EXERCISE DIRECTIONS = Take the line containing "ÇANAKKALE ZAFERİ MESAJI" and each line after it through the end of the data below, and return them exactly, minus any pictures.

------ DATA BELOW

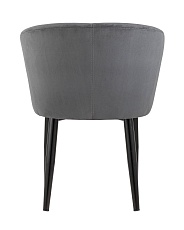 Кресло Stool Group Ральф велюр тёмно-серый AV 302-N26-08 3
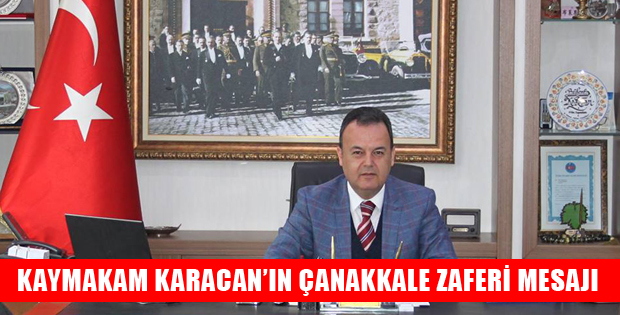 ÇANAKKALE ZAFERİ MESAJI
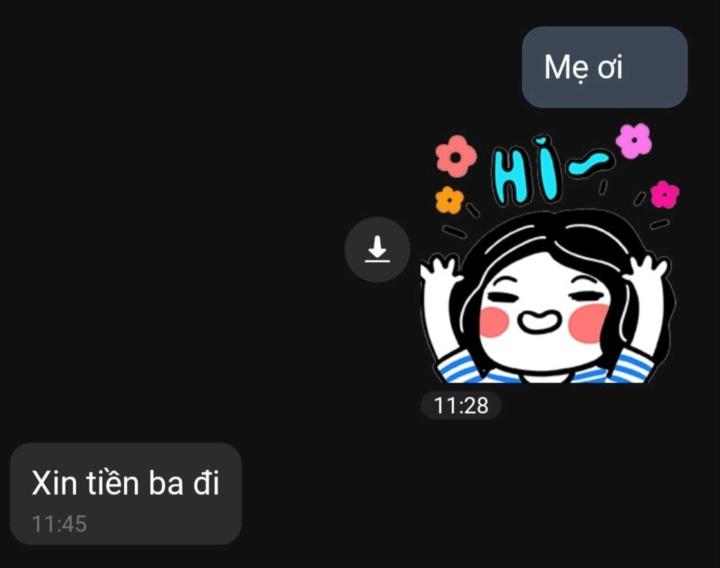 Ngã ngửa với những tin nhắn chất lừ các bà mẹ gửi con cái-2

------------

THE COMPLETED TASK =
 ÇANAKKALE ZAFERİ MESAJI
 Ngã ngửa với những tin nhắn chất lừ các bà mẹ gửi con cái-2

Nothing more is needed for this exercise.